1/4 wave antenna dimensions

Aruba Antenna Components

Using the 1/4 wave antenna calculator, got the measurements for the 5 antenna elements for the remote frequency of 433.920 MHz.

Measured off 5 times 6.8 inches (did not have a metric measuring device handy), added an inch or three and cut that from the 5 meter roll of electrical cable. Fastened one side to a conveniently available terrace chair leg and the other to a small hand drill. Pulled the cable taught and gave the drill a good 30+ windings. The result was a very straight taught piece of insulated copper wire, ideal for making antenna elements. Compensated for the fact that part of the main receiving element of the 1/4 wave antenna is in fact itself shielded, and cut the cable to size for each part of the antenna.

Antenna construction dilemma

Aruba Antenna Construct

All the components are created and now the actual assembly needs to take place. Spoiled as I am when at base, here in Aruba things can be and are different. The fact that I 'assumed' a soldering iron suitable for working on this antenna build would be available was short lived. After many frustrating attempts to locate a soldering solution that could only heat up the BNC connector a few degree, or destroy it and melt the insulation, I realized another alternative solution was needed. This is how the idea of a solderless 1/4 wave antenna was (hastily) born.

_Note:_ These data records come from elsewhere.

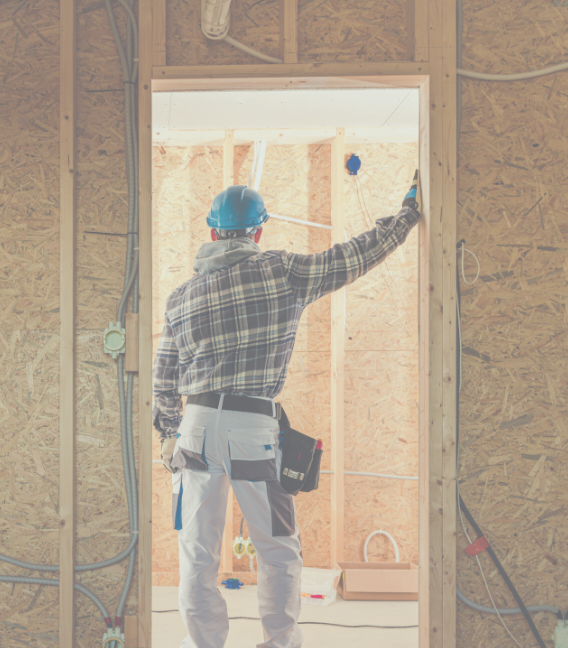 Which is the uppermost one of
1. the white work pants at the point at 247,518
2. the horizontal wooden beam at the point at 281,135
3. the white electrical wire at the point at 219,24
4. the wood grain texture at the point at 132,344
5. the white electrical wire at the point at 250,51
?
the horizontal wooden beam at the point at 281,135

Antenna redesign, mechanics it is

Aruba Antenna Reconstruct

The question that arose was: How to design and construct a 1/4 wave antenna with no welding or soldering options. Fastening and attaching different sections of the antenna would have to all be mechanically based. Nuts, bolts and bits and pieces.....
The ground plane elements could be bolted down with nuts and bolts, but the coax connection needed a two way fastening system and since the dimensions of all components fell well into the weak current electrical category, the good old house hold 'how to join two wires' came to the rescue. Of to the hardware store again for some more small vital bits. Thus soldering had to be replaced with:

  • 4 small 2M nuts and bolts (to fix the 4 ground plane elements to the BNC panel mount. And an extra nut to secure the coax shielding.
  • Electrical connector strip, with an inner diameter that matched to center pin of the BNC panel mount.
  • Crimp terminal to attach the shielding of the coax to the antenna.

Antenna build

Aruba antenna solderless build
Aruba antenna tuning to 75 Ohm
Aruba antenna build close up

Installing the Aruba 1/4 wave antenna

Having assembled the solderless 1/4 wave antenna, it was now time to engineer the mounting. As the main garage door opener is located up against the asbestos corrugated garage roof panels, a wooden support beam was the easiest place to make a fixture. Now the idea was to get the antenna as high as possible up against the roof. Making use of common electrical piping fixtures, an antenna mount was quickly assembled.

Aruba antenna mount

Aruba antenna mount - common plastic electrical piping fixtures.

Operational Aruba antenna

Aruba antenna connected and operational.

Aruba antenna results

As luck would have it, the receiver as we know was 75 Ohm, a 1/4 wave with ground plane at 45 deg = 50 Ohm. A steeper angle will tend to increase the impedance. This worked out (sort of) fine for mounting it in a notch of a roof panel.

Did it work? Although far from a good antenna build and match to the receiver, yes it worked really well, extending the range of the remote transmitter by about 150 meters with a wet roof, and 200 meters with a dry roof. There was no option to mount the antenna outdoors.